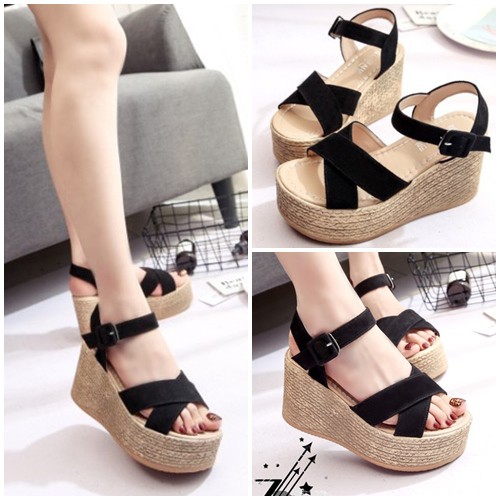 SHWK13-black Sepatu Wedges Cantik 8CM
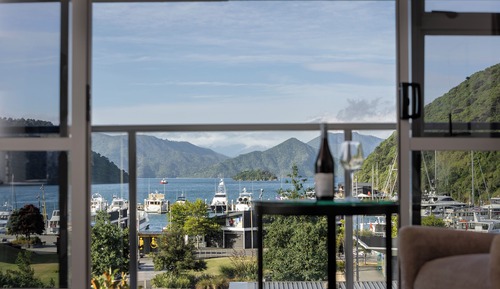 Appartement Supérieur, 1 très grand lit, vue port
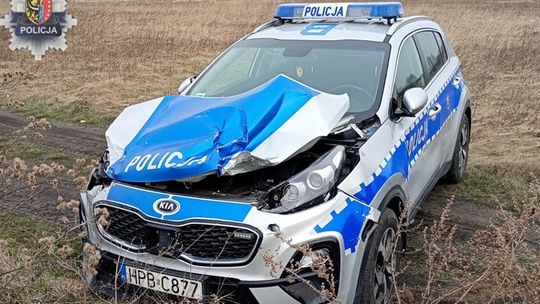 Szalona ucieczka traktorem! 68-latek taranował radiowóz! Szalona ucieczka traktorem! 68-latek taranował radiowóz!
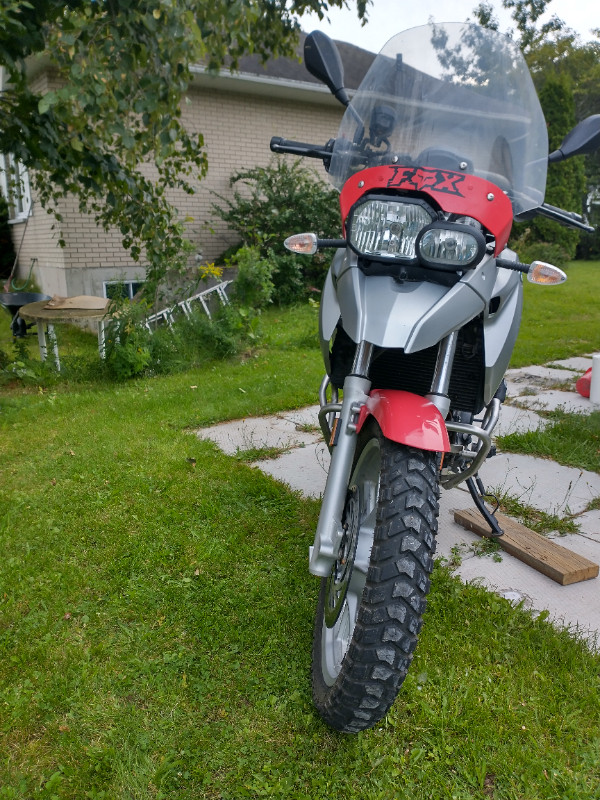 2012 bmw F650gs dans Motos sport  à Ville de Québec - Image 3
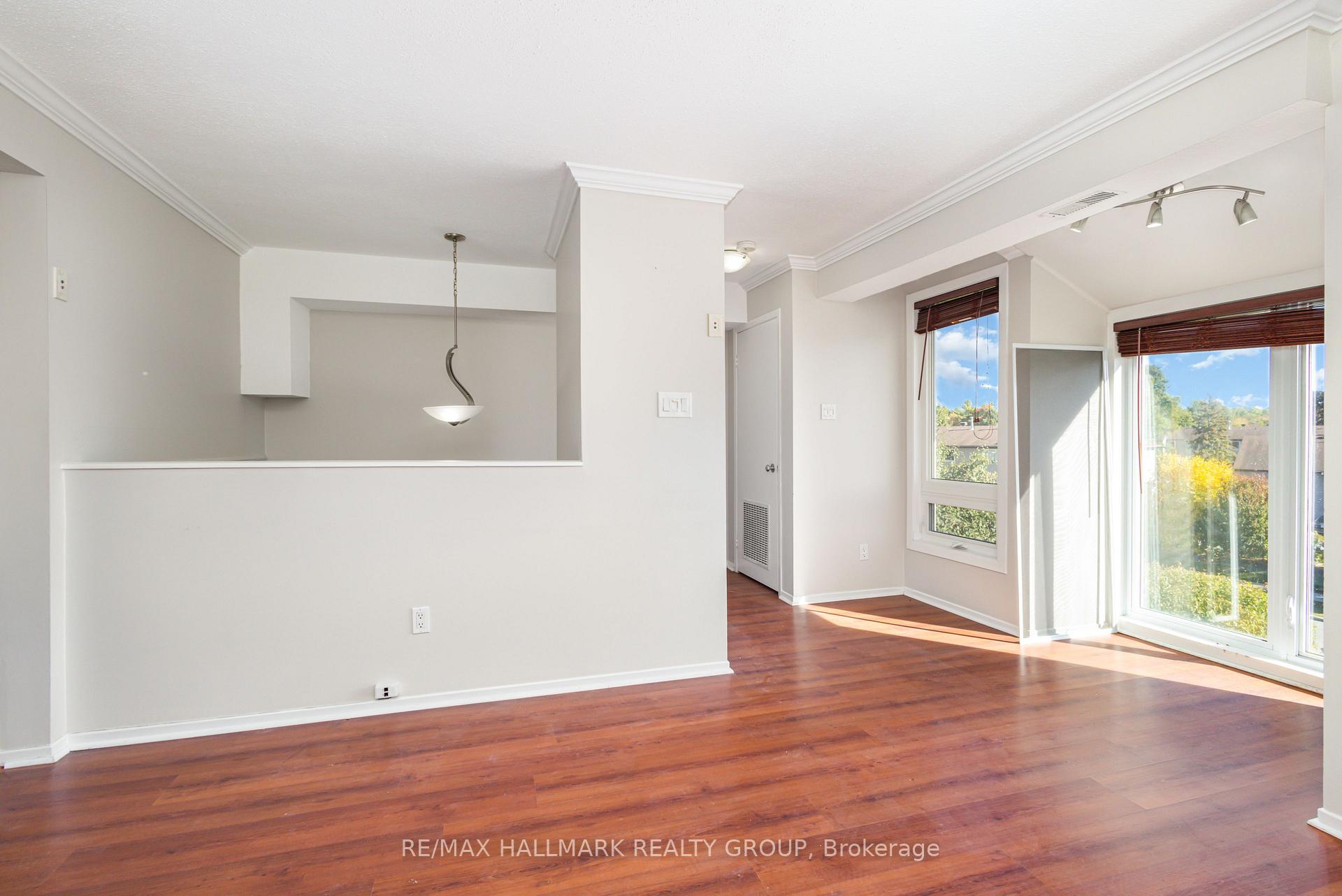 Photo 7 of Unit C, 205 Woodfield Drive, Ottawa, Tanglewood — HOMEH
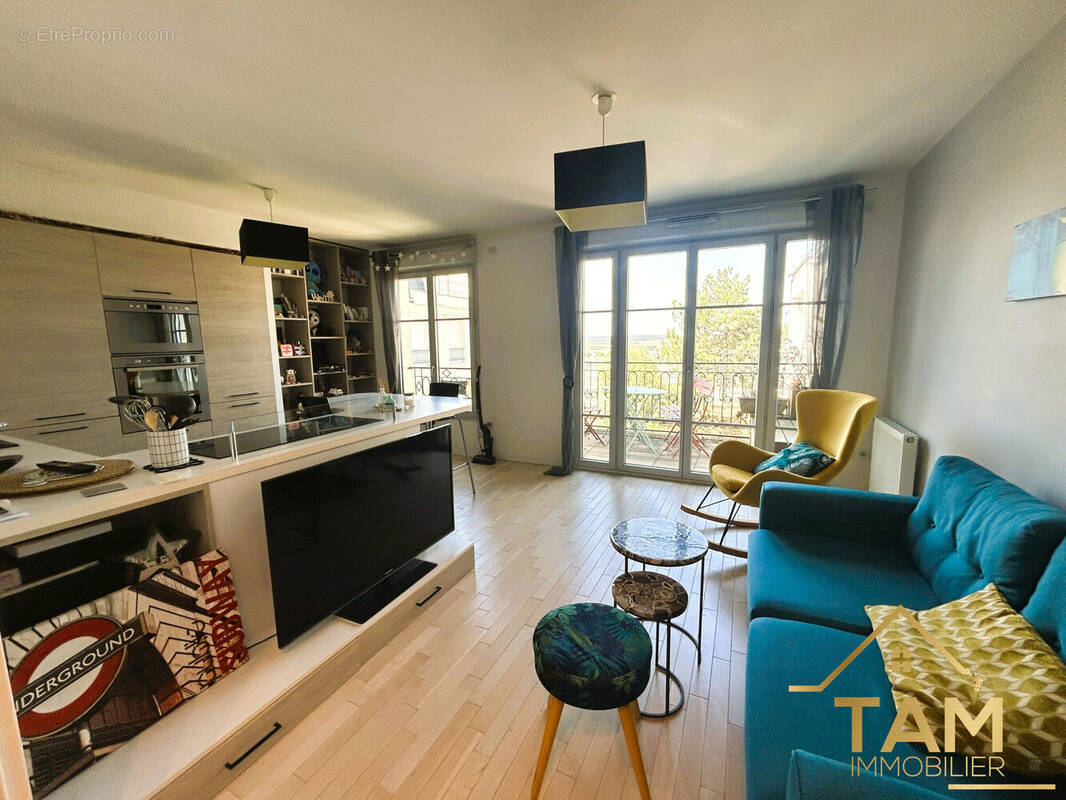 Appartement à SAINT-CYR-L'ECOLE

- [ASSIGNMENT]: Every line from the one with "Appartement Supérieur, 1" through the last line of the listing above must be written out exactly, and no picture may appear.

- [EXERCISE RESULT]:
 Appartement Supérieur, 1 très grand lit, vue port
 Szalona ucieczka traktorem! 68-latek taranował radiowóz! Szalona ucieczka traktorem! 68-latek taranował radiowóz!
 2012 bmw F650gs dans Motos sport  à Ville de Québec - Image 3
 Photo 7 of Unit C, 205 Woodfield Drive, Ottawa, Tanglewood — HOMEH
 Appartement à SAINT-CYR-L'ECOLE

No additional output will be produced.